Igualmente está la escalera que conducía al que fuera dormitorio de Antenor, hoy sostenido con una enorme viga. En el permanecen también los sueños, esperanzas, alegrías y tristeza de un pequeño que, con el tiempo, se convertiría en un gran hombre de letras, considerado Hijo Predilecto de su natal Sicaya, distrito ubicado en la provincia de Huancayo, capital del departamento de Junín.

La llegada de Antenor al hogar de los esposos Carlos Agustín Samaniego Maraví y Felicia Samaniego Cangalaya fue todo un acontecimiento familiar, pues no sólo era el primogénito, sino que además era varón, lo cual representaba una bendición, un buen augurio. Luego de él vendrían Celia, Hilda y Mery.
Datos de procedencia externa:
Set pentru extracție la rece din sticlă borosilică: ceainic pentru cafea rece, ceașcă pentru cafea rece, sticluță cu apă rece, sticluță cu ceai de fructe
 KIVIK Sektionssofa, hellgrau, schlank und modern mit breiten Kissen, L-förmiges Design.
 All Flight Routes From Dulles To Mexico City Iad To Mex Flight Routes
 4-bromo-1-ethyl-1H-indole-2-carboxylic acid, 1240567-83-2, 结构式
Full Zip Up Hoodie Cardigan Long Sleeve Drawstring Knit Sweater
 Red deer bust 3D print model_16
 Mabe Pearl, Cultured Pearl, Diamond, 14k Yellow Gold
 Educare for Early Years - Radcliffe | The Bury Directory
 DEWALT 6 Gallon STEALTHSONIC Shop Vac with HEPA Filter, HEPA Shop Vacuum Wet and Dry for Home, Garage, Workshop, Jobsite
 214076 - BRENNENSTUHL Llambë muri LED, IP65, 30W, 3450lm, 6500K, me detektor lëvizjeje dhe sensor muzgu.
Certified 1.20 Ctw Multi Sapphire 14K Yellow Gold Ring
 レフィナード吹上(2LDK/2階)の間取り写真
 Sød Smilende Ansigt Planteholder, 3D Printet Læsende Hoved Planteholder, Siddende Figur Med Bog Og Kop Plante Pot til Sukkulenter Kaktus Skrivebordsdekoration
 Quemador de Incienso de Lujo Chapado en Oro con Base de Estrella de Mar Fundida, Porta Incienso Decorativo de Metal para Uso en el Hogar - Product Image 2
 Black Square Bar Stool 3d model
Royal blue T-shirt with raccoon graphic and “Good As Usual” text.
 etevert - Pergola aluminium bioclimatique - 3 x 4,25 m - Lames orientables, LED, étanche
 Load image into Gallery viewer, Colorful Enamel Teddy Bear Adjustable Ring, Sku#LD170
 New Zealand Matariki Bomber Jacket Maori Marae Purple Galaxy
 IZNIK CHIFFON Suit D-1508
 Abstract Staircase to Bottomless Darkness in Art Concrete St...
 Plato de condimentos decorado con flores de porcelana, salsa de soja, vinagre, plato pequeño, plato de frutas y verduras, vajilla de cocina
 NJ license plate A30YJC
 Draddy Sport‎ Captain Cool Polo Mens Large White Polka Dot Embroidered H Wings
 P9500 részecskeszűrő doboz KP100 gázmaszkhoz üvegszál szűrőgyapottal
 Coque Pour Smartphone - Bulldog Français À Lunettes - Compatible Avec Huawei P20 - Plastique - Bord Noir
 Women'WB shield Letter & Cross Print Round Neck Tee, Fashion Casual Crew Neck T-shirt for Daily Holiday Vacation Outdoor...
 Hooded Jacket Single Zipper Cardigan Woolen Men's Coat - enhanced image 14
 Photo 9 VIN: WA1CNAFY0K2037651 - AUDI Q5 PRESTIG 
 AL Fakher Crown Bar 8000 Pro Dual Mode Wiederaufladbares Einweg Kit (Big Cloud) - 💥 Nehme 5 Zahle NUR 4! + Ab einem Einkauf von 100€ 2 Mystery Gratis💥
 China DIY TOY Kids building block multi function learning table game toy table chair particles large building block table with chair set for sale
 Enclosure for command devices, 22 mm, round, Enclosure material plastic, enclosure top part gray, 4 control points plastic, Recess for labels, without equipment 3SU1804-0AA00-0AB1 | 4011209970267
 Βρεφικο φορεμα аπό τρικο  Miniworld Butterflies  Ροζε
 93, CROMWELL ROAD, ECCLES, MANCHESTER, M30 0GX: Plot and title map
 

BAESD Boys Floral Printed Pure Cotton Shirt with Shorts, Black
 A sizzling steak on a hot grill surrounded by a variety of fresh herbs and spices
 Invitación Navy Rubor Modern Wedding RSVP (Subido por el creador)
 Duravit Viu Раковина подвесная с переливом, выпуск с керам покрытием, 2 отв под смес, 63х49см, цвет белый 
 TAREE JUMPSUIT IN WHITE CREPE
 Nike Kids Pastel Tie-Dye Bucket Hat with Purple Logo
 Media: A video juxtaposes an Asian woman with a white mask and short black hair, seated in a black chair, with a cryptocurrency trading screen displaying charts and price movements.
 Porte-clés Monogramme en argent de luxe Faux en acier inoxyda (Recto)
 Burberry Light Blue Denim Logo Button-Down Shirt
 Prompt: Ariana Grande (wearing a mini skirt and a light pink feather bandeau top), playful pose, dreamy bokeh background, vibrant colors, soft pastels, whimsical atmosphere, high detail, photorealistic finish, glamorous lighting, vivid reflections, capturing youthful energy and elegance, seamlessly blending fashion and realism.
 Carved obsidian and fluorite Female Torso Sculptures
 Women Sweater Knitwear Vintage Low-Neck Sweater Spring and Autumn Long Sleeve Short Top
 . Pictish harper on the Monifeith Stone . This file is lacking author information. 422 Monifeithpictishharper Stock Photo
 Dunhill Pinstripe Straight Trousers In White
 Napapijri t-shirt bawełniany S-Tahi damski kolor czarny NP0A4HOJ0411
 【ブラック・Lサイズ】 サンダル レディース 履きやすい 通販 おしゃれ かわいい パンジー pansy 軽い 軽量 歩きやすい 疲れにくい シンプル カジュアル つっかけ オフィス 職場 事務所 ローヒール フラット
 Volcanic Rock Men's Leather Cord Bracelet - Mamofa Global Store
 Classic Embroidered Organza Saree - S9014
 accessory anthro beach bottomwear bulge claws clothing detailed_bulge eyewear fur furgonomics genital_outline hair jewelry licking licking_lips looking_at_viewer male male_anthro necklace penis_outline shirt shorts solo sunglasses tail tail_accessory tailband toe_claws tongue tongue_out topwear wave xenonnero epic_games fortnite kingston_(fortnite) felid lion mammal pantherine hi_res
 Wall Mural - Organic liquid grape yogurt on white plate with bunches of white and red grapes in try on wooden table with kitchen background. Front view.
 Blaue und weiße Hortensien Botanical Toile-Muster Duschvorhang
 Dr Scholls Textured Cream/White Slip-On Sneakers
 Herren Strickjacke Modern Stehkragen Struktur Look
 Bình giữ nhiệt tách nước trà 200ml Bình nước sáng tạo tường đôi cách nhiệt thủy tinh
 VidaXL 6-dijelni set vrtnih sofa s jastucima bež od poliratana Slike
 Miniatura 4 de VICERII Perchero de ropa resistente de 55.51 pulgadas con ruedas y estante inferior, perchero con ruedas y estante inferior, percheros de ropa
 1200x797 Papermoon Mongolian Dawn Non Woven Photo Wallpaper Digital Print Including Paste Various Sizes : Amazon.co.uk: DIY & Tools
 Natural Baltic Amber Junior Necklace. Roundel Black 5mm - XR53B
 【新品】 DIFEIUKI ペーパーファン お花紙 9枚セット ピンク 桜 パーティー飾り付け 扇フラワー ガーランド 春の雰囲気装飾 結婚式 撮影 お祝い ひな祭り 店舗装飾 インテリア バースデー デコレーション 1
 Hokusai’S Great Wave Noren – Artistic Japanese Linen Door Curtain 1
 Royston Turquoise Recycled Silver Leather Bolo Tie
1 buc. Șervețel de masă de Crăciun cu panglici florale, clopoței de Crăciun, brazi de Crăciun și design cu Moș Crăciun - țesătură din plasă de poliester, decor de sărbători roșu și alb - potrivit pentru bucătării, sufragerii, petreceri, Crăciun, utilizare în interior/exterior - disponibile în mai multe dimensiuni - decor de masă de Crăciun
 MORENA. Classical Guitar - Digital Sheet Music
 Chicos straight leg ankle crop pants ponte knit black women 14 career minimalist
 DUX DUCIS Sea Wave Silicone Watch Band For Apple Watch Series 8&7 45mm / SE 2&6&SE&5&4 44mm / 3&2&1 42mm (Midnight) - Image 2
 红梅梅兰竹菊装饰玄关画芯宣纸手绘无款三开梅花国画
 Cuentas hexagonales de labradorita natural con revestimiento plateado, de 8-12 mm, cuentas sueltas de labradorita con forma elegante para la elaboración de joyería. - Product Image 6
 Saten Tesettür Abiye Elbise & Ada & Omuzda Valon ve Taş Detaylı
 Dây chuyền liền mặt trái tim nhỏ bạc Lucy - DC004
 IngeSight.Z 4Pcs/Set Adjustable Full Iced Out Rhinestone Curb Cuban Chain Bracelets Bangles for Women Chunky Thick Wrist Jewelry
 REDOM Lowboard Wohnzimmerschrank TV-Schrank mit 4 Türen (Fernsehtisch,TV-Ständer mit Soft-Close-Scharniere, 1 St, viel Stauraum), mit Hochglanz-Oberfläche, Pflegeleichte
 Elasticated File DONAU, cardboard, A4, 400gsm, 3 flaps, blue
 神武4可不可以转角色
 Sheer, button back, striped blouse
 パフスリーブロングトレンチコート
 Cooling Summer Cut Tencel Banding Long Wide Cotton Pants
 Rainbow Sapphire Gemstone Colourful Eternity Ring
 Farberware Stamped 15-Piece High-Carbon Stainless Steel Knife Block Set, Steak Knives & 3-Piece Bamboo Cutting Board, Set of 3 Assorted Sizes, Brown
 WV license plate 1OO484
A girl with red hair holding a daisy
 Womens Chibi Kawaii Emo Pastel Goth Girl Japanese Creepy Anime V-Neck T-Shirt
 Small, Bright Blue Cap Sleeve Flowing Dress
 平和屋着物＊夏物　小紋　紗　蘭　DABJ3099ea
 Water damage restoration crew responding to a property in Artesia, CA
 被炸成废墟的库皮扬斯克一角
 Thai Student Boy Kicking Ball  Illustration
La educación del pequeño recayó principalmente en su madre, una mujer de empuje, muy trabajadora y rígida, de quien heredó su espiritualidad y amor a Dios. Su padre era policía y como tal solía ausentarse con frecuencia del hogar, por lo que la responsabilidad del cuidado de los hijos era de la esposa. Dicen que Antenor, desde muy niño fue incansable para la travesura. Su máximo sueño era volar como las aves. Un día, incluso, se hizo un par de alas de papel y se lanzó del techo de su casa. Por fortuna, su hermana Celia salió en su auxilio, colocando paja para amortiguar la caída.

En su novela «Lobos y no corderos», basada en su niñez y adolescencia, Antenor Samaniego narra que una vez encontró entre los cachivaches de su abuelo un libro amarillento, donde descubre a los ángeles. El llegó a creer que en verdad existían, y los buscaba entre las nubes, en las copas de los árboles, en los techos, en los cables de luz. Se obsesiona de tal manera con ellos que piensa que tal vez él también fue un ángel, pues tenía dos huesos sobresalientes en la espalda que podrían crecer más y convertirse en alas. Pasó muchos días y noches haciendo ejercicios para fortalecer sus piernas y poder impulsarse, moviendo los brazos en círculo, comiendo más de la cuenta para desarrollar sus alas, pero nada, hasta que un día, su madre descubre su tristeza y para tranquilizarlo le cuenta que los hombres originalmente tuvieron alas, pero que tentados por el demonio las perdieron. A partir de entonces se la pasó maldiciendo a los primeros padres, a Adán y Eva, por «imbéciles y traidores».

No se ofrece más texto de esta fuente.